Records excerpted from a collection

————

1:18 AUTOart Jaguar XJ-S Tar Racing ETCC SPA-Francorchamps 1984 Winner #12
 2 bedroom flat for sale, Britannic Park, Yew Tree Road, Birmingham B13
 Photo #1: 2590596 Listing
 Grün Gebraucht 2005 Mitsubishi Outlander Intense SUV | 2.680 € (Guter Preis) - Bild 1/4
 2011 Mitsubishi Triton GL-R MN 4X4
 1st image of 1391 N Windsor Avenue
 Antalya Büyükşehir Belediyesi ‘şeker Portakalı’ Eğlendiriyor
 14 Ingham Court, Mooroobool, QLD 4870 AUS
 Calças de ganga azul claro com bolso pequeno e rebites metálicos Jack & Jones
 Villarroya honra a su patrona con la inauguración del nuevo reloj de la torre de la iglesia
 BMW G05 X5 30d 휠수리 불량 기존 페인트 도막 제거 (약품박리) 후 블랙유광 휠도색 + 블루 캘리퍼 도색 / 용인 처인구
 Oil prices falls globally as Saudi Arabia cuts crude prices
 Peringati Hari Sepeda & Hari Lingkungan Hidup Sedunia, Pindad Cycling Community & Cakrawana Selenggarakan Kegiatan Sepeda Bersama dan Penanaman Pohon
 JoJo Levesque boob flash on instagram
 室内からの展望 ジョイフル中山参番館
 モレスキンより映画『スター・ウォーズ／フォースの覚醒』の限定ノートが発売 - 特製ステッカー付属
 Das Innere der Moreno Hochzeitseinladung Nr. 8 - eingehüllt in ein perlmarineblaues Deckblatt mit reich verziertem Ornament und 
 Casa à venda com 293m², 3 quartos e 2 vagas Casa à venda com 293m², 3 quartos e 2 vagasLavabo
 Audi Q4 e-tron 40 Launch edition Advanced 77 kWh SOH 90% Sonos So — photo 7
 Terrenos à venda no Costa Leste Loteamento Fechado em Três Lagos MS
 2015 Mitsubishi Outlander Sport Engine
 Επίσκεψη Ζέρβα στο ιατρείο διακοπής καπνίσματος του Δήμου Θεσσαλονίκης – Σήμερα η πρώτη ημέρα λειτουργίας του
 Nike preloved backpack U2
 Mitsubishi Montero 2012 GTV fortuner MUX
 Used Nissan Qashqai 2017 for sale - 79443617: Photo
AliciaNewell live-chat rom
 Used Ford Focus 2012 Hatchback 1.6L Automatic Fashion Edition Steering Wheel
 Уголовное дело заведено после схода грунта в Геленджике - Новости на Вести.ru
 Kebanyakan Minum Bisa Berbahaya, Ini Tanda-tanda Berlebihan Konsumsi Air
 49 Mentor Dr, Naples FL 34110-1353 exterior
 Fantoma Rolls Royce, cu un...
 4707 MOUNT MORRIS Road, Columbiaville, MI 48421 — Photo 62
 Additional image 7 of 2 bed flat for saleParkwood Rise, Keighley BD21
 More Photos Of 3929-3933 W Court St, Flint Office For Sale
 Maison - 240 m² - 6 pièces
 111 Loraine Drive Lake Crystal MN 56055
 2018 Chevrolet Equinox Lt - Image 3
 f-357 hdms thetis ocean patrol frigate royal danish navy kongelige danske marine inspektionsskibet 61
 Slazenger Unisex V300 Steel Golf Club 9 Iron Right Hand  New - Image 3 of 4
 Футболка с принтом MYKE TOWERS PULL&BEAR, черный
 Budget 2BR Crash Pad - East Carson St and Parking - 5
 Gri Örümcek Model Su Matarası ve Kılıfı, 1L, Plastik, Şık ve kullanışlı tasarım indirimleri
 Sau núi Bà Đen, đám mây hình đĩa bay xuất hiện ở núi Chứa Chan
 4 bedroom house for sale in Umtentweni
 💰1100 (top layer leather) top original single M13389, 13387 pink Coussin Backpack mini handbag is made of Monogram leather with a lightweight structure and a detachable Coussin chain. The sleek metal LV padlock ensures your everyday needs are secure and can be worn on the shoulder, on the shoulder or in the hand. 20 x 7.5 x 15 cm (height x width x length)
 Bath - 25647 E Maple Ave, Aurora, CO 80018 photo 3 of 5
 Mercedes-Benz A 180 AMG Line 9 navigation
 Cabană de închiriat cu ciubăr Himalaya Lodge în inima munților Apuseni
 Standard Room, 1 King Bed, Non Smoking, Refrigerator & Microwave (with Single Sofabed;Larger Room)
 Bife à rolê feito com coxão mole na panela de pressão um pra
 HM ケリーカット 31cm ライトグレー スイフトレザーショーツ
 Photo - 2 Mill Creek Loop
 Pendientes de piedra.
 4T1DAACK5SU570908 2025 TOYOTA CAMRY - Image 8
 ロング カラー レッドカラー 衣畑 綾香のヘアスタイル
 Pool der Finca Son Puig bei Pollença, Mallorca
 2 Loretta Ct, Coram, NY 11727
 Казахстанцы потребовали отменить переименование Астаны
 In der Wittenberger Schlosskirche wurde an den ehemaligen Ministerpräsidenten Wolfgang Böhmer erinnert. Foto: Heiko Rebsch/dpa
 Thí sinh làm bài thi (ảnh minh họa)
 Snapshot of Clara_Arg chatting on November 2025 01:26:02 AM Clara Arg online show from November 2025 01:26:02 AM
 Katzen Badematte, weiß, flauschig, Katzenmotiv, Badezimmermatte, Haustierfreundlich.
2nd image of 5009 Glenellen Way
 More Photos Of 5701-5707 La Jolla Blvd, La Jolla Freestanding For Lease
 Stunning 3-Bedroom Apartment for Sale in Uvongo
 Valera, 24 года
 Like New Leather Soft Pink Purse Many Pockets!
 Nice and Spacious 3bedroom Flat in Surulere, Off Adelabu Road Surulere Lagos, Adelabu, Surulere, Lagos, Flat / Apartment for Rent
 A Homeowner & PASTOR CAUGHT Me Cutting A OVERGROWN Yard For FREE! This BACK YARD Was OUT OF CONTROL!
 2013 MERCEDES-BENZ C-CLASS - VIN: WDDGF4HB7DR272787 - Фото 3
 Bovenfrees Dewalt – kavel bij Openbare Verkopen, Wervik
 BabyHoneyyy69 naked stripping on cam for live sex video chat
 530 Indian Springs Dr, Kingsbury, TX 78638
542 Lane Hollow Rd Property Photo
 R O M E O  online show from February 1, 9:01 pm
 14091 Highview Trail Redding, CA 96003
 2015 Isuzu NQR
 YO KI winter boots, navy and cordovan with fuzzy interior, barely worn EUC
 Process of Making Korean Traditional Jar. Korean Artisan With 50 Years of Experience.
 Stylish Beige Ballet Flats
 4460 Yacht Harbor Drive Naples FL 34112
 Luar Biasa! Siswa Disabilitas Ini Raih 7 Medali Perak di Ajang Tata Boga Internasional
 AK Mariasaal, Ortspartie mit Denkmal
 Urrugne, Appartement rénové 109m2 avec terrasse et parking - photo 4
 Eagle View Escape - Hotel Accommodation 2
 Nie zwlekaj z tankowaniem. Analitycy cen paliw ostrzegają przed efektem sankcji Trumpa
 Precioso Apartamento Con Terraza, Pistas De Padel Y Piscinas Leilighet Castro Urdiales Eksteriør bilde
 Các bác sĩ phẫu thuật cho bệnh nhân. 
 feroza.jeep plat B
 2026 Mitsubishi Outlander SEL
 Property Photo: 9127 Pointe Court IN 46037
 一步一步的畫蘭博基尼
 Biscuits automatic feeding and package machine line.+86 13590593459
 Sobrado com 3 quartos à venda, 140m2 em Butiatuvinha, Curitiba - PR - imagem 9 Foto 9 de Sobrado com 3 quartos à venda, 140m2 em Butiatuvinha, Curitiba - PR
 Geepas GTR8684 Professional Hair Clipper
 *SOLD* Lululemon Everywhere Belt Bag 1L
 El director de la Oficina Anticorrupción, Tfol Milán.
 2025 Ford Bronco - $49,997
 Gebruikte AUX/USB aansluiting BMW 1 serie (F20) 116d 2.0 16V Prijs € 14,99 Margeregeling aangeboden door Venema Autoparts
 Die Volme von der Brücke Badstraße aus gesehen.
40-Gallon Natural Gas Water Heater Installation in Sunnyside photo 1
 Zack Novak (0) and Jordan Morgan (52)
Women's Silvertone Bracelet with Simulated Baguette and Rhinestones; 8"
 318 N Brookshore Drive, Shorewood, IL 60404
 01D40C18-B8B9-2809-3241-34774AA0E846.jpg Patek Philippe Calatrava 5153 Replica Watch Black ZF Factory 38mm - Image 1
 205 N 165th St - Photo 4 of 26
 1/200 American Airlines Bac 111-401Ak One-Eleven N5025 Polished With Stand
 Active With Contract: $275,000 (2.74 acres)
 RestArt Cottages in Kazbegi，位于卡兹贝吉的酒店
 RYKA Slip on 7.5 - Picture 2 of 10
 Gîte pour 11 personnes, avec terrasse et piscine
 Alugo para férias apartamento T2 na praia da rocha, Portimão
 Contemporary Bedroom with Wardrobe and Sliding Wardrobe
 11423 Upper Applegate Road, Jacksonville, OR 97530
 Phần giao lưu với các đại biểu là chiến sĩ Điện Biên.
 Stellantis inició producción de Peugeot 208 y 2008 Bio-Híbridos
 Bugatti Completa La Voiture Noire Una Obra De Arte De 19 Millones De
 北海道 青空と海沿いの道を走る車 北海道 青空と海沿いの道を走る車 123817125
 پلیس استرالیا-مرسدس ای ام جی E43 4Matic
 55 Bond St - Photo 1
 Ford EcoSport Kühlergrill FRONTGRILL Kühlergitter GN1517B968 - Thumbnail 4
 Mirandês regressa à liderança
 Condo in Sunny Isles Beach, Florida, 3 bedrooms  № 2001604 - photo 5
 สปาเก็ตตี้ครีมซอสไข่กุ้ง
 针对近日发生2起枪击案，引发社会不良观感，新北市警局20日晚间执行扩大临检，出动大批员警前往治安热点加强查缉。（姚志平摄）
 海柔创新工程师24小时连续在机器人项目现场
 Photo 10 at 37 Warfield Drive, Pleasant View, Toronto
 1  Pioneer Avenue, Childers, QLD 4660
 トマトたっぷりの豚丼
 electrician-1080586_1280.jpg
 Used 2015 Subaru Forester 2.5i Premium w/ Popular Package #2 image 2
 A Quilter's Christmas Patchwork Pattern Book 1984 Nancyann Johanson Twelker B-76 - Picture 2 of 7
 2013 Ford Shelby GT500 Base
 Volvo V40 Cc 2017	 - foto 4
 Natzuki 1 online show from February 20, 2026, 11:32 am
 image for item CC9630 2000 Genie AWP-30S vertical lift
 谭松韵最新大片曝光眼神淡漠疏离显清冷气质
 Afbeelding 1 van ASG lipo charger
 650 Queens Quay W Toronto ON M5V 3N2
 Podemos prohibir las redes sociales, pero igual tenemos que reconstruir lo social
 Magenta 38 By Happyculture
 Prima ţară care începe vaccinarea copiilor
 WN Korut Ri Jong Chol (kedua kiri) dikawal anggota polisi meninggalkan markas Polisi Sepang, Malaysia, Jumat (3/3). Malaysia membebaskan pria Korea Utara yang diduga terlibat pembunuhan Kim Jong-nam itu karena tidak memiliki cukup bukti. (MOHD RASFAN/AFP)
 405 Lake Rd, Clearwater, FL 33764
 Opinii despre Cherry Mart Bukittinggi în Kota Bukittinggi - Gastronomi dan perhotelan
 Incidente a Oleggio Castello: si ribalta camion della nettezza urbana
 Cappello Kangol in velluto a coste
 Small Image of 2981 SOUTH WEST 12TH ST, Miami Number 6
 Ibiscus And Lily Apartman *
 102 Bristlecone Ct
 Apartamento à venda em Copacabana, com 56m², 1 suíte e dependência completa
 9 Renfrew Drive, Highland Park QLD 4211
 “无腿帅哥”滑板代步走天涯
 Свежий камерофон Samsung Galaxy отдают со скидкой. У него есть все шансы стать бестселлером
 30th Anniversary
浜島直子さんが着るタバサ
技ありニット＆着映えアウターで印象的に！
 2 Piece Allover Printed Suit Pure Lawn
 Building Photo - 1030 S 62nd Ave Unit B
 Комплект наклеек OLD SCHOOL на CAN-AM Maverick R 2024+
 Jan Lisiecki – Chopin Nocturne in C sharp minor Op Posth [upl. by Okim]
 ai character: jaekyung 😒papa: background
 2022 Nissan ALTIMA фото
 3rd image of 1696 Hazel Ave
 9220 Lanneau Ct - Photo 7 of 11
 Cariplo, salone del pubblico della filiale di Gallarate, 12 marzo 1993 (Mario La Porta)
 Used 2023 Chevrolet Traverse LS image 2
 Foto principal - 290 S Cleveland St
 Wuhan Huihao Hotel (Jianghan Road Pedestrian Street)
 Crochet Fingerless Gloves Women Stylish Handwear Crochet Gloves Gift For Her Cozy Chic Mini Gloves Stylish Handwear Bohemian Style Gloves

————

■ What the task asks ■
I'd like an exact copy of the lines above, from the very first one through the line that contains "Photo #1: 2590596 Listing", with nothing else added.

■ Worked solution ■
1:18 AUTOart Jaguar XJ-S Tar Racing ETCC SPA-Francorchamps 1984 Winner #12
 2 bedroom flat for sale, Britannic Park, Yew Tree Road, Birmingham B13
 Photo #1: 2590596 Listing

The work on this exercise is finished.